Reveal Cloud AI Installation

Reveal Review Publication

Reveal Cloud AI Installation

1 General Description and Setup

1.1 Overall Description

The Cloud AI platform of Reveal is essentially a middleware layer that handles communication with AWS for cloud analytic functions. At time of writing we support integration with AWS analytics only.

The system is comprised of multiple parts that may or may not be available depending on the makeup of the Reveal architecture accessing the system.
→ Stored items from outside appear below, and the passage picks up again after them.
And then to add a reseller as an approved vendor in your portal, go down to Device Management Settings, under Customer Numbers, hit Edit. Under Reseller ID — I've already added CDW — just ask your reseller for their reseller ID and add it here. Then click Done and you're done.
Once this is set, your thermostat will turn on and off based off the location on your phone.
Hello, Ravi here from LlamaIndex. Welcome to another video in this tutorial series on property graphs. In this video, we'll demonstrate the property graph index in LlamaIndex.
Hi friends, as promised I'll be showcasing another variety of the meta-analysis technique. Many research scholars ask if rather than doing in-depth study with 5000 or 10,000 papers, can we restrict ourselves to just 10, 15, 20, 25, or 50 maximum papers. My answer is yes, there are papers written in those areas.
The system is generally comprised of the following parts:

Orchestration This is a centralized server that maintains the following:
1. Mongo database
2. API on top of the mongo database
3. Several services that perform minimal work, e.g. Watching for AWS jobs to finish.
Archive Worker This is a server that is turned on when archiving work is available to be performed. Use of this functionality requires all data for your Reveal site to be stored in S3.
Transcription Worker This is a server that exists to perform heavy-lifting transcoding work on au-dio/video files.

As described above, while in this document we will describe these three as separate components, there's no reason they need to be separate. They in fact could all reside on the same server depending on the desired setup and server load.
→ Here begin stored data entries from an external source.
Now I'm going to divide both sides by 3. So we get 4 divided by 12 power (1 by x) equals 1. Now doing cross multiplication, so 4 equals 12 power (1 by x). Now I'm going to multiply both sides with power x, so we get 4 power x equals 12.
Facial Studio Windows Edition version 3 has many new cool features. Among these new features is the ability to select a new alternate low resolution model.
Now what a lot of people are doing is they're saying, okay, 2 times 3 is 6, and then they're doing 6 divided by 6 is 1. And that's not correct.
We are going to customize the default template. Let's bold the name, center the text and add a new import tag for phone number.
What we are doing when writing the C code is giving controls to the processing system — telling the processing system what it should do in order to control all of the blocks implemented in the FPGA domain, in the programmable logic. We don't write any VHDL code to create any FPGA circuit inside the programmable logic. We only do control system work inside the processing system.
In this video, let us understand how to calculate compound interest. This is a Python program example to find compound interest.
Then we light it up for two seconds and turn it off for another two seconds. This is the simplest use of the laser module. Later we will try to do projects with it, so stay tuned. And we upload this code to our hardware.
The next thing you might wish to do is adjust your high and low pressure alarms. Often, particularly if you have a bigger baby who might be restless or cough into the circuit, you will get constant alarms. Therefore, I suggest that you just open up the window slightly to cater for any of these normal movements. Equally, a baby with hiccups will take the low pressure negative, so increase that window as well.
All servers in this system are intended to run on CentOS-based Linux operating systems. There's no particular reason they cannot run on Windows as the code running the platform is python-based, however the documentation herein assumes CentOS Linux 8.4.2105.
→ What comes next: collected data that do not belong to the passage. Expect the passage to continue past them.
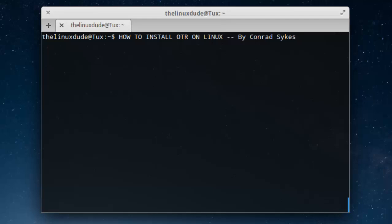Hi everyone. Today we're going to be talking about off-the-record messaging, also known as OTR,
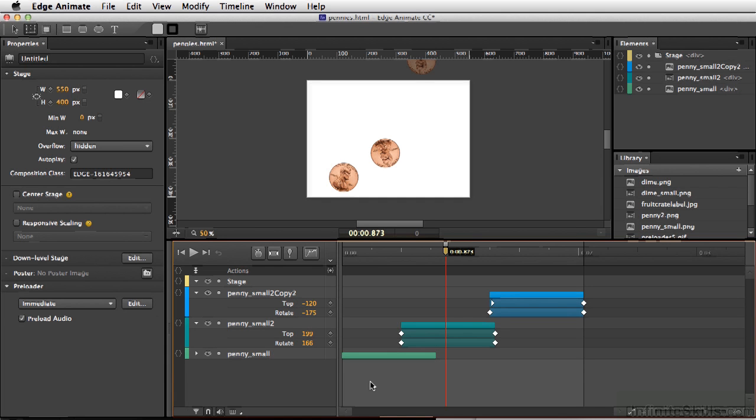If you've ever used Photoshop for animation or motion graphics, you'll see a lot of similarities to Edge Animate.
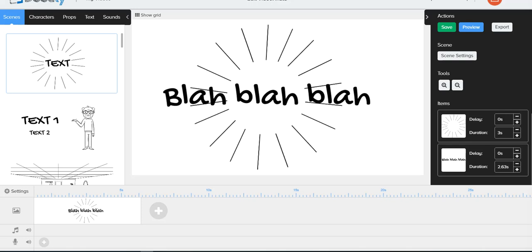So in Doodly, the default size of their screen here is 1280 by 720, which is perfect for YouTube and especially YouTube thumbnails.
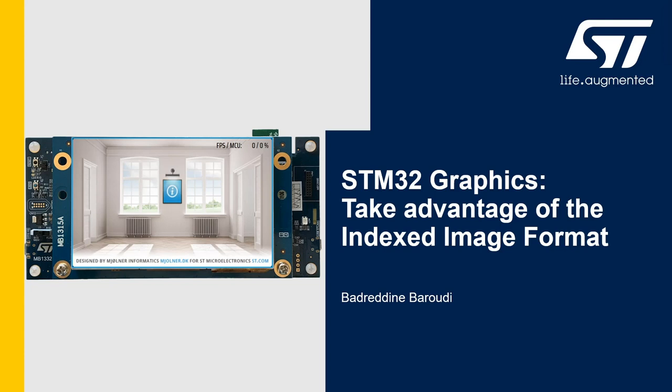Hello and welcome to this presentation. My name is Benedy and in this video we'll learn how to take advantage of the indexed image format.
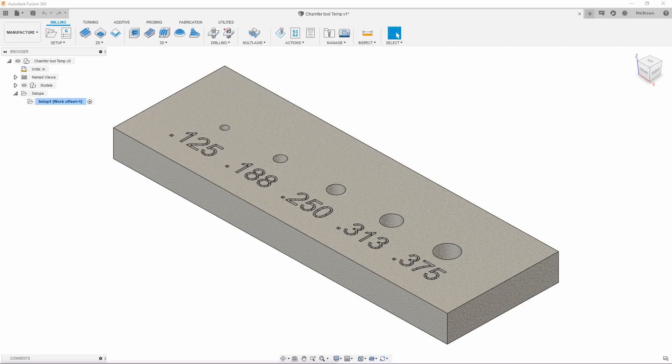Hi, Phil Brown here with a quick tip on how to automatically select different size holes for spot drilling, as well as adding a chamfer to those holes in the same operation.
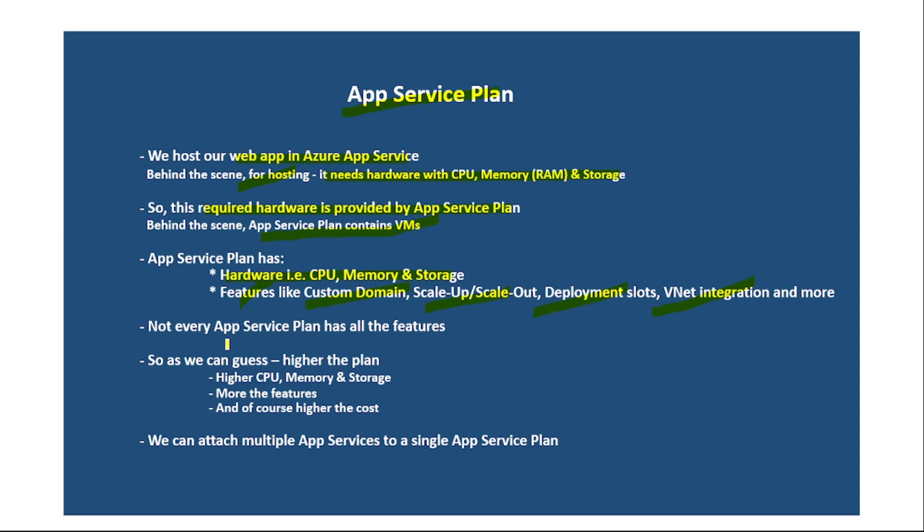Now, not every App Service Plan has all these features. So as we can guess, higher the plan, we get higher CPU, memory and storage, we get more features and of course, higher the cost.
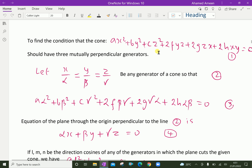Now we will prove the condition for mutually perpendicular generators of this cone. Let X/α = Y/β = Z/γ be any generator of the cone, so that setting each ratio equal to 1, we get X = α, Y = β, and Z = γ.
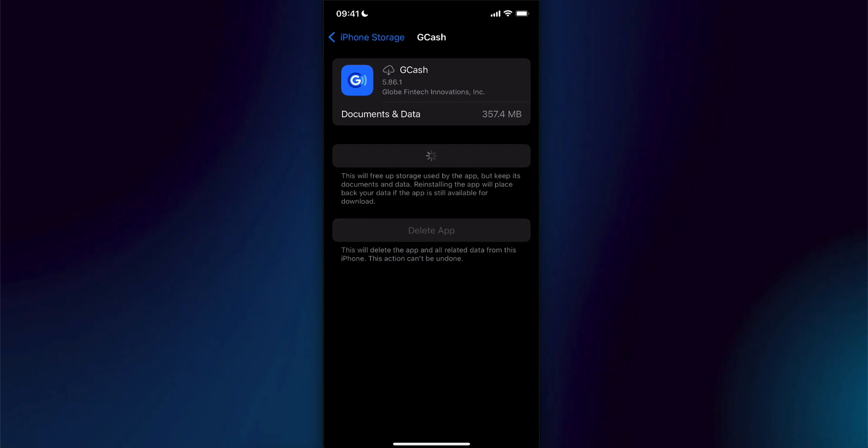You can do the same thing for Android phones. You just have to tap and hold the Gcache app icon. Then go to info and tap on clear cache files. Make sure to clear the cache files and not the data.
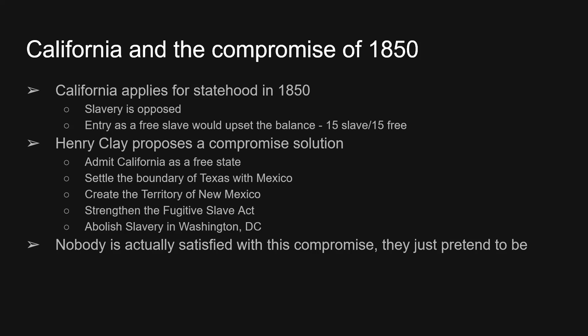In reality this compromise is supposed to keep the balance, it's supposed to please everyone, it's supposed to let the new territory choose their own adventure so to speak — and it just doesn't work. Nobody is happy with the compromise.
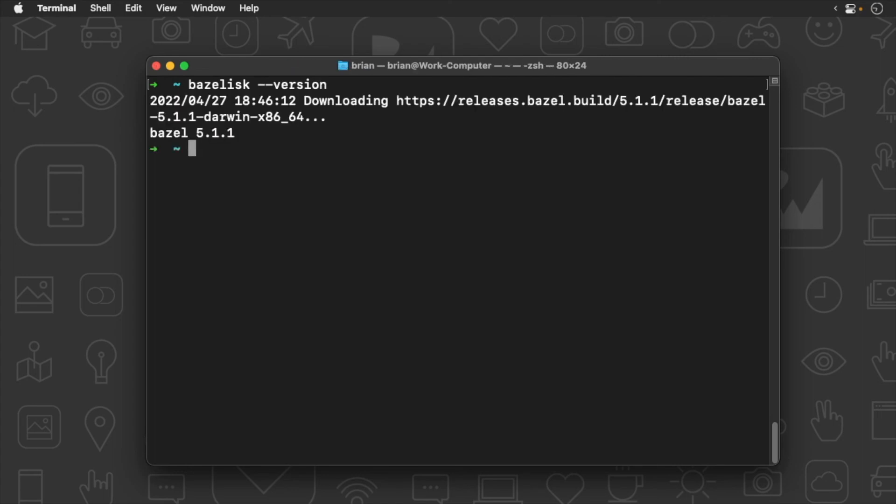Now, I can use Bazelisk directly from the command line. And we are up and running and ready to get started. But before we even compile a simple project, let's review some important Bazel concepts.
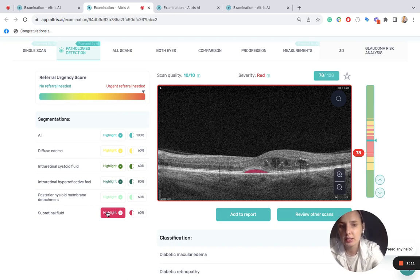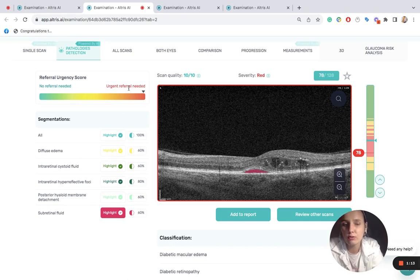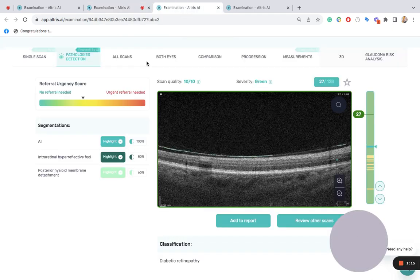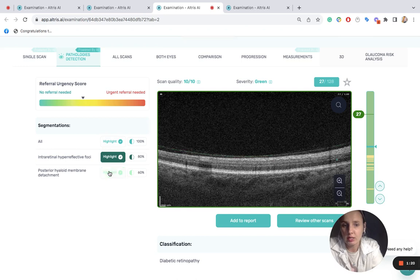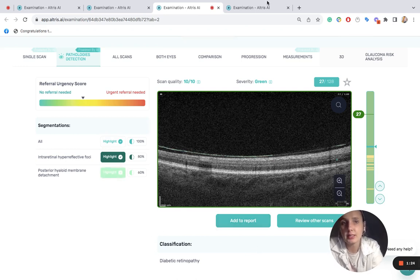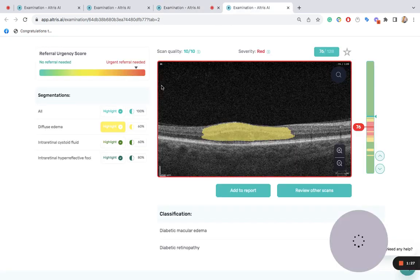Let's take a look at the right eye of the same patient. On the 27th scan, the diabetic retinopathy is detected with minimal changes. And let's take a look at the dynamics in three months.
Additionally if archiving is to be put in place within the system, there is an extra service that performs database backups necessary to be installed on the Review database server. Ignore all archiving-related instruction in this document if archiving is not being set up.

1.2 Setup Checklist

AWS Account Provisioned
Linux Servers Provisioned (CentOS 8.4.2105)
IAM Setup Items Done
KMS Key Setup Done
Network Security Allowed
Orchestration Server Setup Performed
Transcription Server Setup Performed
Review Reconfiguration Performed

1.3 Storage

Shorter description:

Orchestration 50GB root and 1TB storage.
Archive Worker 50GB root.
Transcription Worker 50GB root and 1TB storage.

Longer description:

Orchestration This server should have as much free space as the largest image labeling job you intend to run times 2. The reason being that part of the work the Orchestration server performs is syncing down images for image labeling jobs, then it may convert those files to AWS-usable formats. Thus taking up twice the space (potentially) for every image you submit for labelling at a single time.
Archive Worker This server needs very little storage space. Around a 50GB root should be plenty. The only thing that takes up space on the archive worker is archiving logs which are cleaned after every job.
Transcription Worker This server should have as much free space as the largest transcription job you intend to run times 2. Similar to image labeling, transcription jobs may require media transcoding which ends up creating an extra file for every audio/video file you send.

1.4 Resources

Orchestration In our production environment this is an AWS t2.medium (2CPU, 4GB RAM).
Archive Worker In our production environment this is an AWS t2.2xlarge (8CPU, 32GB RAM).
Transcription Worker In our production environment this is an AWS t2.2xlarge (8CPU, 32GB RAM).

1.5 Staging S3 bucket

The Cloud AI system uses an S3 bucket for staging purposes. This is necessary as AWS services require data to be stored locally in S3 for analysis to be performed. In this document we use the bucket name 'revealdata-analytics-temp-us'. Replace this in all policies with the name of your staging bucket.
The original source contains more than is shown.